- [Data provided]
^^^^^^^^

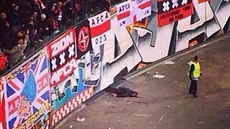 Na zápase Ligy mistr� mezi Ajaxem Amsterdam a Barcelonou spadl z tribuny...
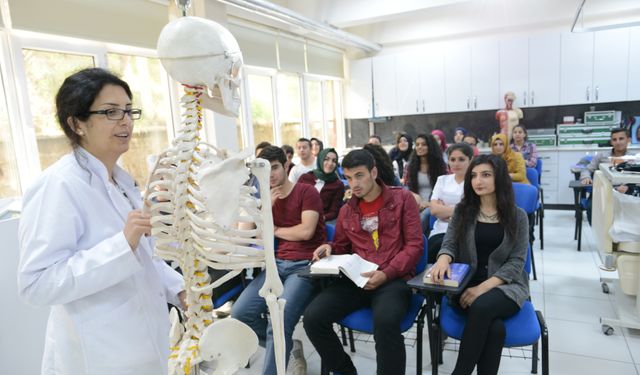 YÖK, 398 araştırmacıyı Türk üniversitelerinde görevlendirdi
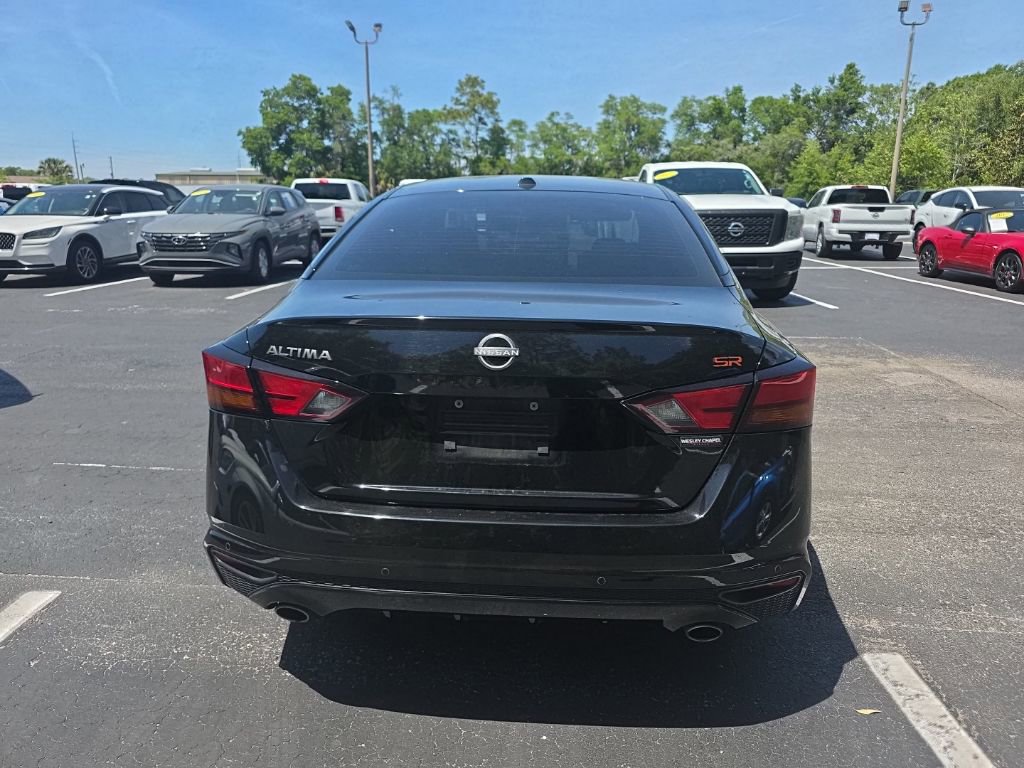 Certified 2024 Nissan Altima 2.5 SR w/ SR Premium Package FWD image 5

^^^^^^^^

- [What you are asked to do]
Retype each line above precisely, please. Skip anything that is a picture.

- [Task solution]
 Na zápase Ligy mistr� mezi Ajaxem Amsterdam a Barcelonou spadl z tribuny...
 YÖK, 398 araştırmacıyı Türk üniversitelerinde görevlendirdi
 Certified 2024 Nissan Altima 2.5 SR w/ SR Premium Package FWD image 5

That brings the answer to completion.